* **Stored data**
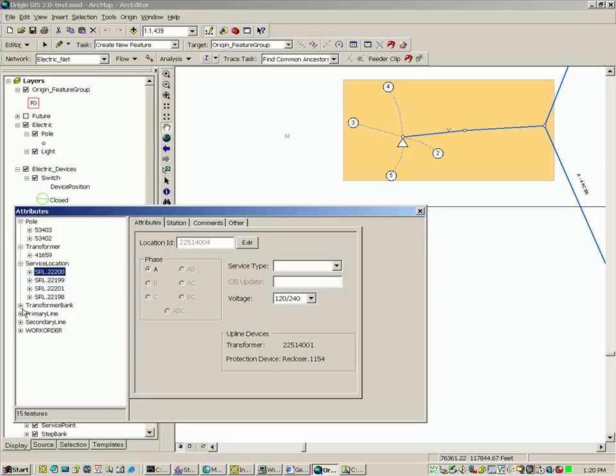Selecting the service location, you can see the phasing, location, service ID, service type, and other attributes.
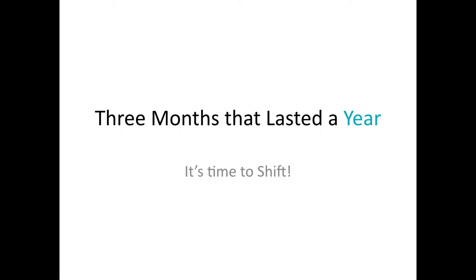And that's a big one because whether it be a resurgence of this illness, whether it be some other global interruption, we can't afford as professionals to be back in this predicament that we have suffered right now.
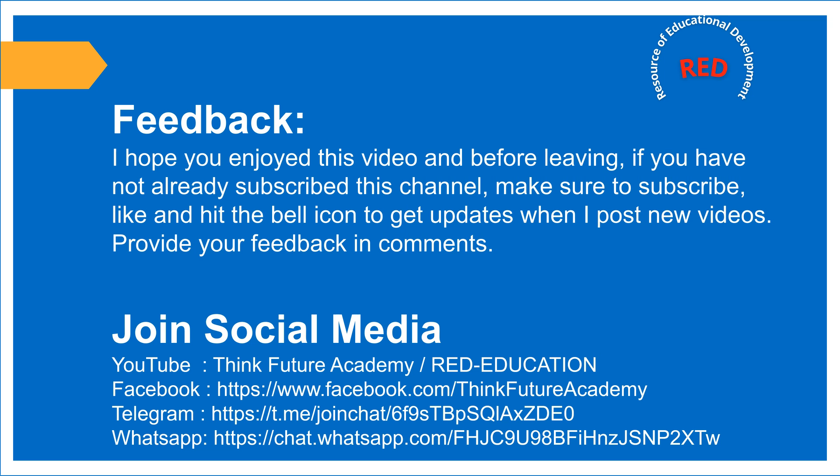I hope you enjoyed this video. And before leaving, if you have not already subscribed this channel, make sure to subscribe, like, and hit the bell icon to get updates when I post new videos. Provide your feedback in comments. Thank you.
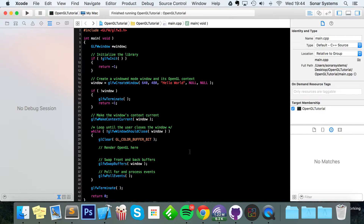Hello, in this OpenGL video we are going to cover how to draw a quad. A quad is anything that has four vertices, and what we're going to be drawing is a square. We can easily change it to be drawing a rectangle, or basically any other quad — it's a shape that has four vertices.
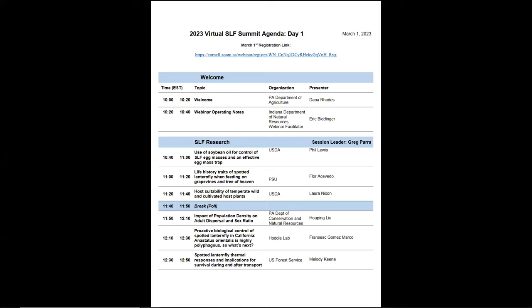Welcome back, everybody. This is Greg Barra, and it's 11:30. We'll get started with our next presenter, which will be Dr. Hoping Liu of Pennsylvania Department of Conservation and Natural Resources. So if you're all set, Hoping.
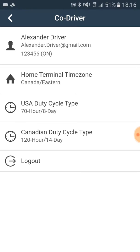USA and Canadian duty cycles have to be set up with the hours that are most appropriate for your company and your business. Please do not rely on our advice on how to set your duty cycles.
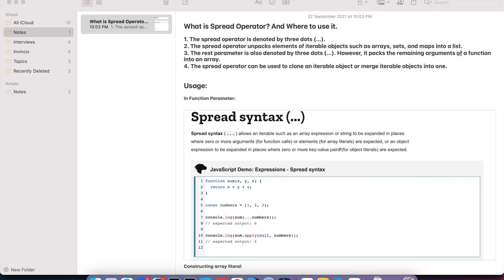Let's understand the spread operator of JavaScript — what it is, its usage, and where to use it. I've listed four points to cover. In most JavaScript interview questions, you will get questions about the spread operator, like how to clone an object or array. The spread operator is denoted by three dots, and those three dots denote the spread operator.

* **Task statement**
Repeat each line above exactly as it reads, omitting any pictures.

* **Solution for this task**
Selecting the service location, you can see the phasing, location, service ID, service type, and other attributes.
And that's a big one because whether it be a resurgence of this illness, whether it be some other global interruption, we can't afford as professionals to be back in this predicament that we have suffered right now.
I hope you enjoyed this video. And before leaving, if you have not already subscribed this channel, make sure to subscribe, like, and hit the bell icon to get updates when I post new videos. Provide your feedback in comments. Thank you.
Hello, in this OpenGL video we are going to cover how to draw a quad. A quad is anything that has four vertices, and what we're going to be drawing is a square. We can easily change it to be drawing a rectangle, or basically any other quad — it's a shape that has four vertices.
Welcome back, everybody. This is Greg Barra, and it's 11:30. We'll get started with our next presenter, which will be Dr. Hoping Liu of Pennsylvania Department of Conservation and Natural Resources. So if you're all set, Hoping.
USA and Canadian duty cycles have to be set up with the hours that are most appropriate for your company and your business. Please do not rely on our advice on how to set your duty cycles.
Let's understand the spread operator of JavaScript — what it is, its usage, and where to use it. I've listed four points to cover. In most JavaScript interview questions, you will get questions about the spread operator, like how to clone an object or array. The spread operator is denoted by three dots, and those three dots denote the spread operator.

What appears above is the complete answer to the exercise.